(Stored data)

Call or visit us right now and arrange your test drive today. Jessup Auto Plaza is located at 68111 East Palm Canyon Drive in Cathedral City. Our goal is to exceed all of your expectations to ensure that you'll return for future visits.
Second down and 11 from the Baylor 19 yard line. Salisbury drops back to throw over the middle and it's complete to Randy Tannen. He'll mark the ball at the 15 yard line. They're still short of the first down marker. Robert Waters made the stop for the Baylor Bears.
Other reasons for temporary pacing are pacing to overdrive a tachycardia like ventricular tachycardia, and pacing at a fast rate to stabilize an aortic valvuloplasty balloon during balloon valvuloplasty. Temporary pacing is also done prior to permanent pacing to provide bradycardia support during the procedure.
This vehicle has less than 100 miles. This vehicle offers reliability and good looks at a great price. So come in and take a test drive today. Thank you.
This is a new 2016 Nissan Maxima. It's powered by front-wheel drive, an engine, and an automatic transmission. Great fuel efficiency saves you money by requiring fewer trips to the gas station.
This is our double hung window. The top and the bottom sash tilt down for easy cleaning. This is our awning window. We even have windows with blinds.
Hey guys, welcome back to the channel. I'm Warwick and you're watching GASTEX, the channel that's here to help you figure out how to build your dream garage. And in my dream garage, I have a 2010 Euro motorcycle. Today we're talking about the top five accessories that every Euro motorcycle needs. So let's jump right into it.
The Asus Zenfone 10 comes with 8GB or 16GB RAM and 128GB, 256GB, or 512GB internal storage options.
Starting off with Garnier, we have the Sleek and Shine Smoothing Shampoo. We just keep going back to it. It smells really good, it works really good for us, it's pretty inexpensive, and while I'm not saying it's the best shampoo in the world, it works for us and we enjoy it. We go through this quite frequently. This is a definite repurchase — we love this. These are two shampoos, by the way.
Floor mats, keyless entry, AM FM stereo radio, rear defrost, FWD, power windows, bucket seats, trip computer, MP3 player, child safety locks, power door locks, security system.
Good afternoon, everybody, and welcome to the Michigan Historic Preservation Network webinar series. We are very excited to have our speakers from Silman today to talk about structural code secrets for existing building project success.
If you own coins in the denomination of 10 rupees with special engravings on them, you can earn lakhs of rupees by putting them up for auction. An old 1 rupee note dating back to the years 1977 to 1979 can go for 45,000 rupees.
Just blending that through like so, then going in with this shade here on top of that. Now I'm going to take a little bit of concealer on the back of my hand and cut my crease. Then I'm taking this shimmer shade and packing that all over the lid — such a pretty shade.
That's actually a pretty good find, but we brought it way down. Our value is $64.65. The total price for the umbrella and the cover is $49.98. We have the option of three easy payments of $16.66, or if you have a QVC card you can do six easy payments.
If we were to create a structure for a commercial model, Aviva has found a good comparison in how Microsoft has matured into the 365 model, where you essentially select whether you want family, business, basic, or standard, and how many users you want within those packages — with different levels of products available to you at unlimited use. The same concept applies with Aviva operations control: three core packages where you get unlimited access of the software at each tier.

**Exercise brief:**
Your answer must consist solely of the lines from the top of the entries above through the line containing "Floor mats, keyless", copied exactly, both ends included.

**Answer to the problem:**
Call or visit us right now and arrange your test drive today. Jessup Auto Plaza is located at 68111 East Palm Canyon Drive in Cathedral City. Our goal is to exceed all of your expectations to ensure that you'll return for future visits.
Second down and 11 from the Baylor 19 yard line. Salisbury drops back to throw over the middle and it's complete to Randy Tannen. He'll mark the ball at the 15 yard line. They're still short of the first down marker. Robert Waters made the stop for the Baylor Bears.
Other reasons for temporary pacing are pacing to overdrive a tachycardia like ventricular tachycardia, and pacing at a fast rate to stabilize an aortic valvuloplasty balloon during balloon valvuloplasty. Temporary pacing is also done prior to permanent pacing to provide bradycardia support during the procedure.
This vehicle has less than 100 miles. This vehicle offers reliability and good looks at a great price. So come in and take a test drive today. Thank you.
This is a new 2016 Nissan Maxima. It's powered by front-wheel drive, an engine, and an automatic transmission. Great fuel efficiency saves you money by requiring fewer trips to the gas station.
This is our double hung window. The top and the bottom sash tilt down for easy cleaning. This is our awning window. We even have windows with blinds.
Hey guys, welcome back to the channel. I'm Warwick and you're watching GASTEX, the channel that's here to help you figure out how to build your dream garage. And in my dream garage, I have a 2010 Euro motorcycle. Today we're talking about the top five accessories that every Euro motorcycle needs. So let's jump right into it.
The Asus Zenfone 10 comes with 8GB or 16GB RAM and 128GB, 256GB, or 512GB internal storage options.
Starting off with Garnier, we have the Sleek and Shine Smoothing Shampoo. We just keep going back to it. It smells really good, it works really good for us, it's pretty inexpensive, and while I'm not saying it's the best shampoo in the world, it works for us and we enjoy it. We go through this quite frequently. This is a definite repurchase — we love this. These are two shampoos, by the way.
Floor mats, keyless entry, AM FM stereo radio, rear defrost, FWD, power windows, bucket seats, trip computer, MP3 player, child safety locks, power door locks, security system.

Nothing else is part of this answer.